Fickou, who scored a dramatic late winning try in the 26-24 win over England, replaces Maxime Mermoz, ineffective in last weekend's 19-17 win at Scotland, while the other change in the backs sees flyhalf Remi Tales replacing Jules Plisson.
France, Ireland and England -- which plays in Italy -- have six points each and can all still win the tournament.
Ireland has by far the best points differential (+81) of the three title contenders, while France has the worst (+3) behind England (+32). France has to beat Ireland and hope England draws or loses in Rome to stand a realistic chance of winning the trophy.
"We will try and put in a great performance, and if we manage to please our fans it will be a bonus," Saint-Andre said. "We're preparing ourselves for a match of the highest level after drawing the last two seasons against them."
History counts against Ireland in Paris, where they haven't won since 2000, but they have an extra incentive this time.
O'Driscoll makes his 141st test appearance in a brilliant 15-year career on the same ground where he scored a hat trick of tries in 2000 to give Ireland its first victory in Paris since 1972.
"We don't want to make it O'Driscoll's party," Saint-Andre said.
Fourteen years ago, a fresh-faced O'Driscoll burst onto the international scene with three expertly-taken tries in Ireland's 27-25 win, his blend of speed, flair, safe hands and attacking instinct marking him out as one of the players for the future. Fickou now finds himself in a similar position and is earmarked as a future great.
Last weekend, O'Driscoll pushed back the years with one of his best performances in the green jersey of Ireland. Although he did not add to his 46 international tries, he played a part in three of his team's first four tries in a crushing 46-7 win over Italy at Lansdowne Road.
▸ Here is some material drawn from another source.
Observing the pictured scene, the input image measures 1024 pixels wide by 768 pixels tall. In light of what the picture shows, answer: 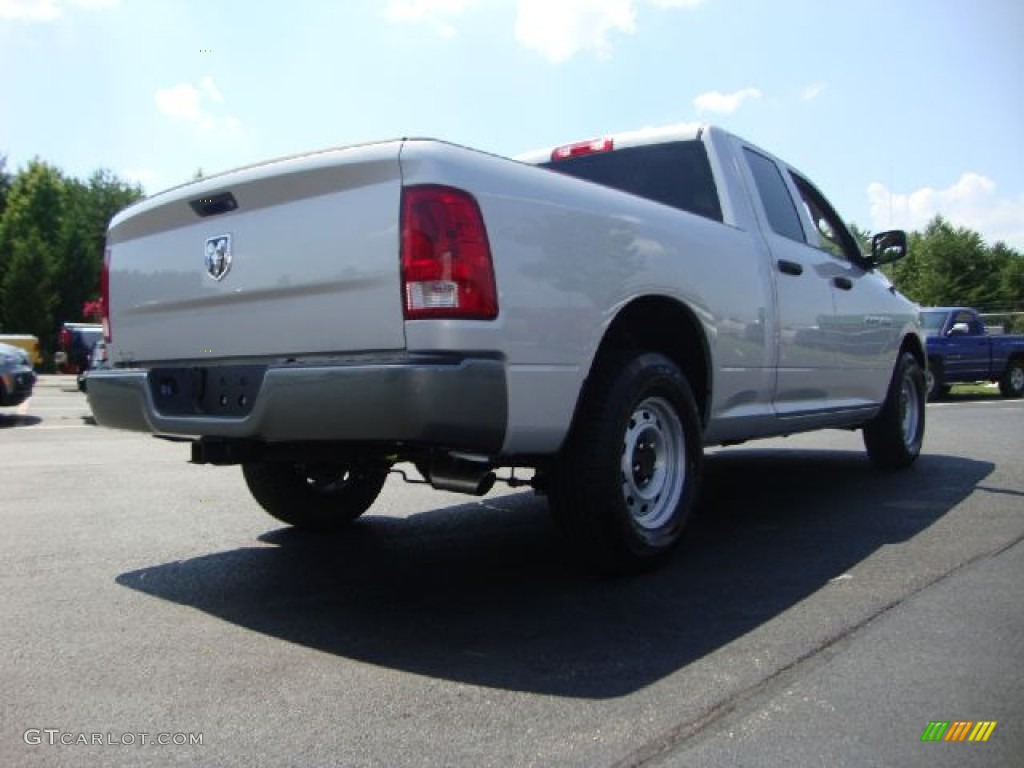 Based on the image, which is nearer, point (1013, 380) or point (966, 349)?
point (966, 349)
"He's a great player, and he's been a great servant to Irish rugby and to world rugby. When he arrived on the scene at Stade de France, he was an unknown and he scored three tries," Saint-Andre said. "He could have been French because he had incredible flair, a capacity to keep the ball alive, to make a pass after contact. He captained the British Lions, he captained Ireland and he's brought so much to world rugby."
Tales will line up alongside scrumhalf Maxime Machenaud in the 12th halves pairing Saint-Andre has selected since taking over from Marc Lievremont after France lost the 2011 World Cup final to New Zealand.
Saint-Andre was disappointed with Plisson's defending against Scotland.
"Plisson's statistics in defence were not good enough," Saint-Andre said.
The two changes in the forwards see Dimitri Szarzewski returning from injury to replace Brice Mach and Louis Picamoles reinstated at flanker in place of Sebastien Vahaamahina.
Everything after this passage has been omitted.